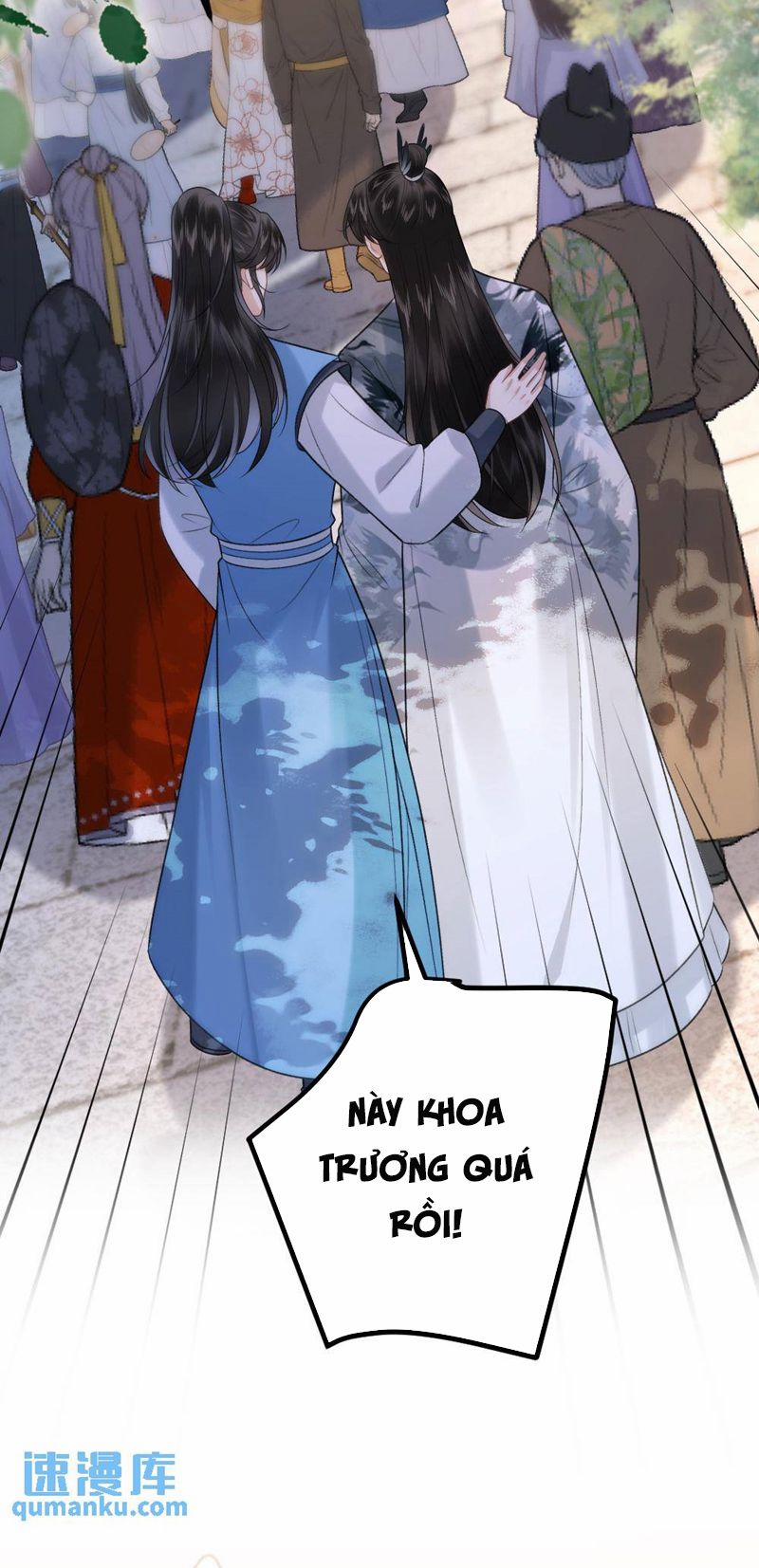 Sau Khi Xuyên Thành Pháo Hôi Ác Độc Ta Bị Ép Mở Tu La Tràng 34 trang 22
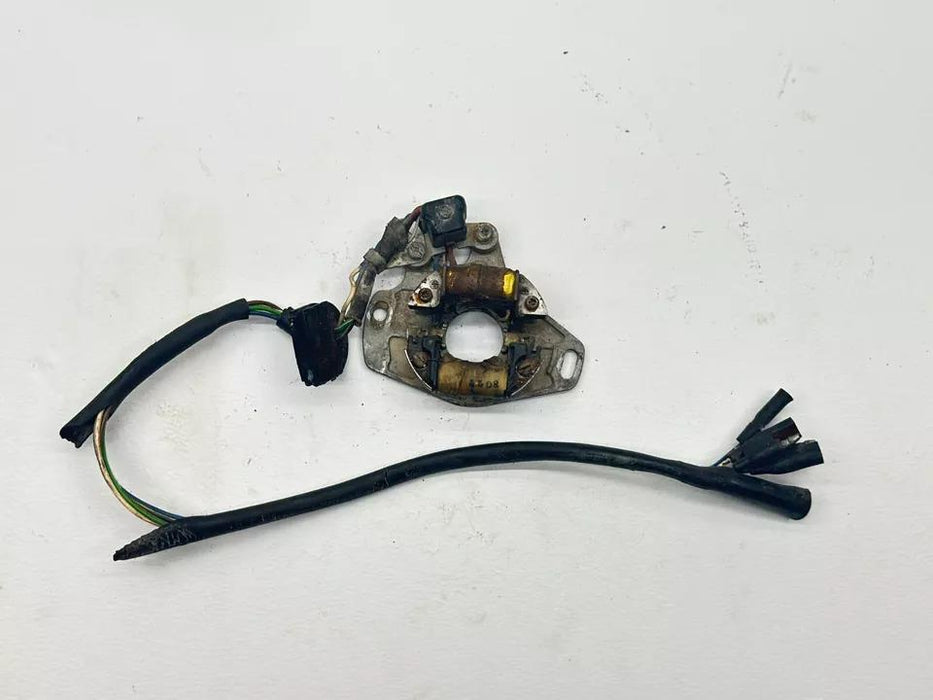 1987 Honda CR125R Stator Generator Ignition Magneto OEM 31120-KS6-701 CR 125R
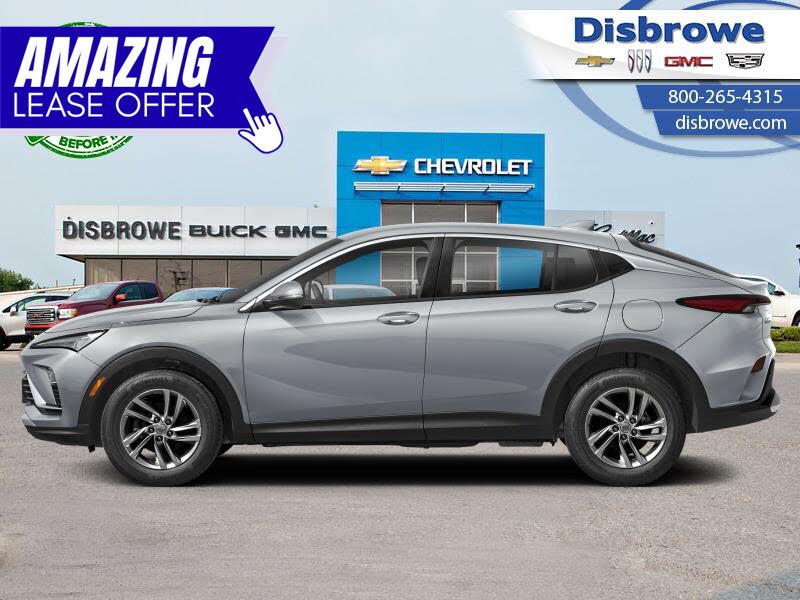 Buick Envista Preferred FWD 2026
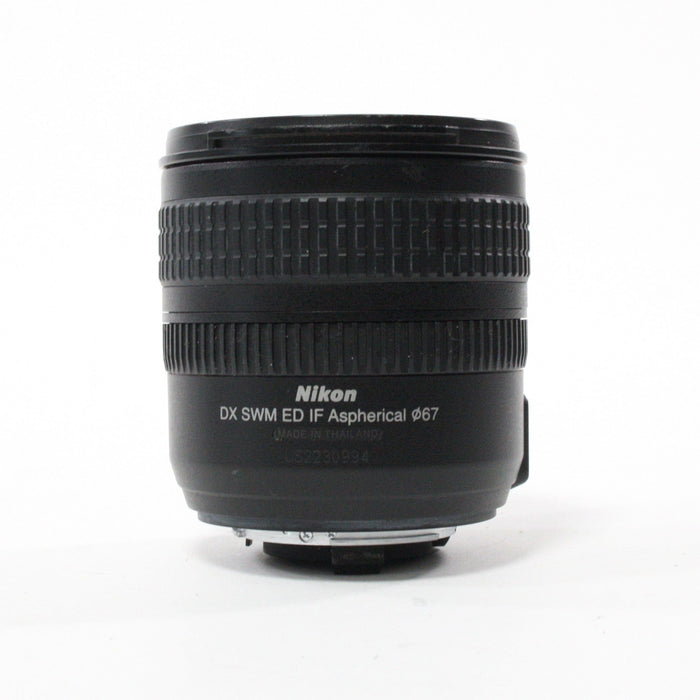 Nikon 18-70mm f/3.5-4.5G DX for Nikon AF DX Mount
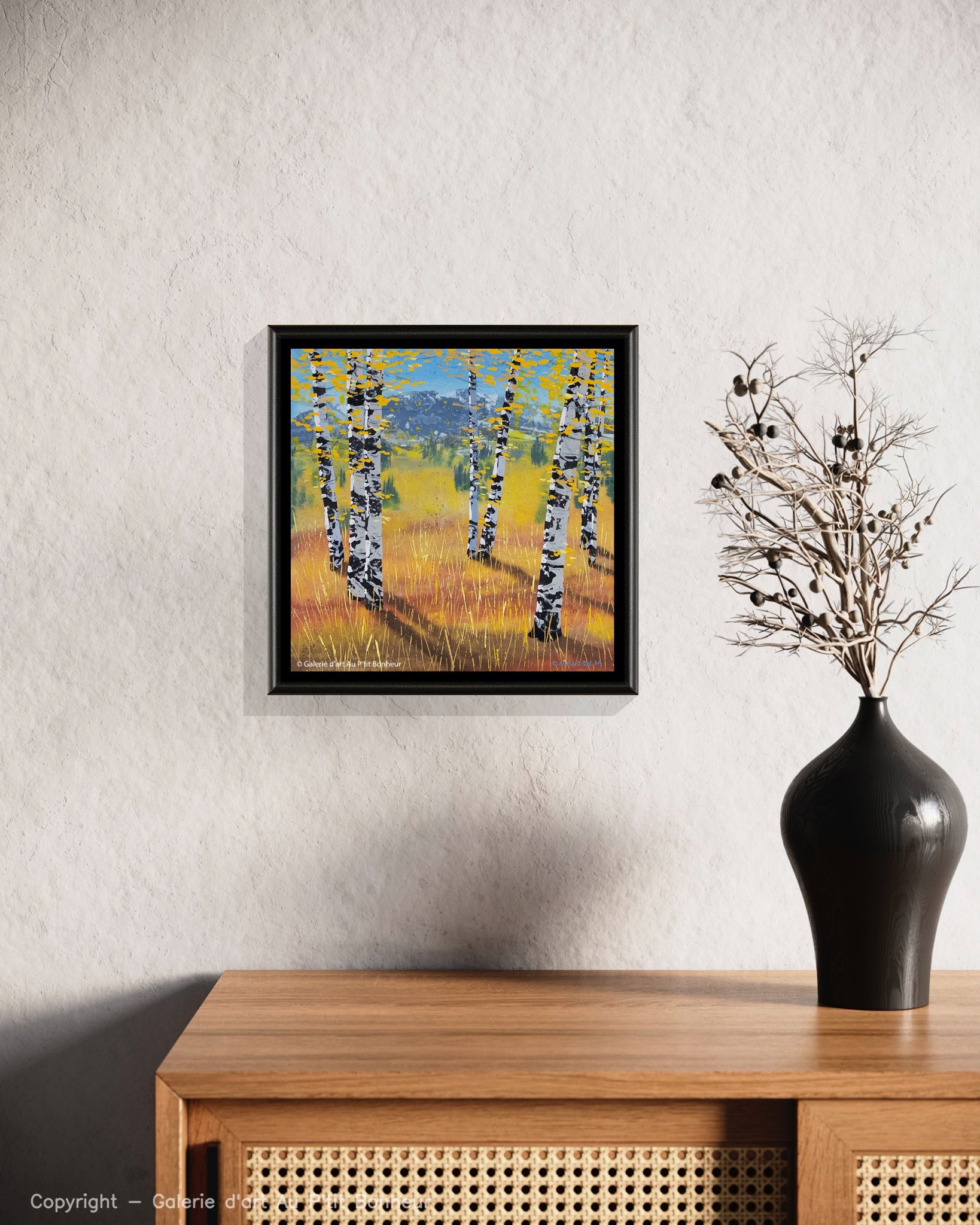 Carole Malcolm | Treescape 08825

───

**TASK DESCRIPTION**
Output everything in the records exactly, leaving pictures out.

**EXERCISE SOLUTION**
 Sau Khi Xuyên Thành Pháo Hôi Ác Độc Ta Bị Ép Mở Tu La Tràng 34 trang 22
 1987 Honda CR125R Stator Generator Ignition Magneto OEM 31120-KS6-701 CR 125R
 Buick Envista Preferred FWD 2026
 Nikon 18-70mm f/3.5-4.5G DX for Nikon AF DX Mount
 Carole Malcolm | Treescape 08825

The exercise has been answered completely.